Nothing but an exact repetition of the listing should be returned.

Source data:
::::::::::
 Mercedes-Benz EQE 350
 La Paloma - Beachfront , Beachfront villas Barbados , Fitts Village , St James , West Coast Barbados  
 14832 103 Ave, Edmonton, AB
::::::::::
Solution below:
 Mercedes-Benz EQE 350
 La Paloma - Beachfront , Beachfront villas Barbados , Fitts Village , St James , West Coast Barbados  
 14832 103 Ave, Edmonton, AB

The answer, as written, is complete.